Chinese parent company Yanzhou Coal Mining provided the figures, but did not break them up to evaluate the individual performances from the Moolarben, Minerva and Yarrabee open cut operations, or its Austar and Ashton longwalls.
Courtesy of Yanzhou’s acquisition of Felix Resources, which was officially completed in January, the recent quarterly ROM result was 593% stronger year-on-year. The Austar mine chipped in 560,000 tonnes in the corresponding period of 2009.
Total saleable coal production from Yancoal’s mines reached 2.89Mt.
The first shipment of open cut coal from Moolarben was made in May and ILN conservatively estimates that its September quarterly production was more than 1.5Mt ROM.
Last year Felix anticipated the mine would produce 6Mt of thermal coal for 2010.
The mine will develop a longwall operation under the approved stage one development once it has sufficient port capacity at Newcastle.

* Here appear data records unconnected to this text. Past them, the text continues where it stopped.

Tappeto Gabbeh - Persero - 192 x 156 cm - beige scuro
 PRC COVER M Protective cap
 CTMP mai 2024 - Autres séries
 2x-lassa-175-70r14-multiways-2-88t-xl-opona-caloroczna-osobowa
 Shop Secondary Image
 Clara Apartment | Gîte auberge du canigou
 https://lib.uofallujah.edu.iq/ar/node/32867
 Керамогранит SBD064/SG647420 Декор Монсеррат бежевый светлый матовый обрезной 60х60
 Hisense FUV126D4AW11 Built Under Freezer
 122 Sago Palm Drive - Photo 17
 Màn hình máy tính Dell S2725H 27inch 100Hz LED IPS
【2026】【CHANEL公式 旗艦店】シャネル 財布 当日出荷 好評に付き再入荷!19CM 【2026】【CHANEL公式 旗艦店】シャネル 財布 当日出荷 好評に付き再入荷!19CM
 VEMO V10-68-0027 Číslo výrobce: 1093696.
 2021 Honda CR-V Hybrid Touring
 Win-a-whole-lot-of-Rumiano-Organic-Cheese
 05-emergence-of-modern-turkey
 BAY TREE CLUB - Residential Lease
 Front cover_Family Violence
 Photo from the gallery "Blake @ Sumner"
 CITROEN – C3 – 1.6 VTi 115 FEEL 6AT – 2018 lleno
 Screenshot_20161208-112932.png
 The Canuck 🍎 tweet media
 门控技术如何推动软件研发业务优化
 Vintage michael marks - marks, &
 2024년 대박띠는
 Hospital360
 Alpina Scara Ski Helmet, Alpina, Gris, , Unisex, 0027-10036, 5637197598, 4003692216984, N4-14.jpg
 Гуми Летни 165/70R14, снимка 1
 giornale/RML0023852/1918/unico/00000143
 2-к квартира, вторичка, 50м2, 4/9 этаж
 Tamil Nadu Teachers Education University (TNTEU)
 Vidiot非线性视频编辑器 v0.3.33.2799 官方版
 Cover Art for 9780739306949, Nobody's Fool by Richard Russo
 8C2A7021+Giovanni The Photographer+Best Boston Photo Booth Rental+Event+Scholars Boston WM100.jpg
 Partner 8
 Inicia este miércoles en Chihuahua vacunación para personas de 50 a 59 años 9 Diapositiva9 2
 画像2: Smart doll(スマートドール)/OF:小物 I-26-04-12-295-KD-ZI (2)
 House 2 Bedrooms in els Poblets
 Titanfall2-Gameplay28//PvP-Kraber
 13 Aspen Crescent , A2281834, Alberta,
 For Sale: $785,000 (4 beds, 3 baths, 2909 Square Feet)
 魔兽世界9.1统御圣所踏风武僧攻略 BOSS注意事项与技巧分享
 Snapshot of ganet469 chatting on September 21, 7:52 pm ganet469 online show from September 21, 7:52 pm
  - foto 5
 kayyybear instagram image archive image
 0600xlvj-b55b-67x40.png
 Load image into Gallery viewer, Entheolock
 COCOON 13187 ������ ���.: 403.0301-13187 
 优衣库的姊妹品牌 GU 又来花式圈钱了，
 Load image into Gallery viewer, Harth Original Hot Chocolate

Full ramp-up under stage one development will see Moolarben produce up to 13Mt per annum of product coal for export and domestic markets, with 8.8Mtpa from open cut mining and 4-4.2Mtpa from longwall mining.
Under stage two plans, which are yet to be approved by the NSW government, Yancoal is aiming for 17Mtpa ROM production, with 8Mtpa from longwall mining and the rest from four open cuts.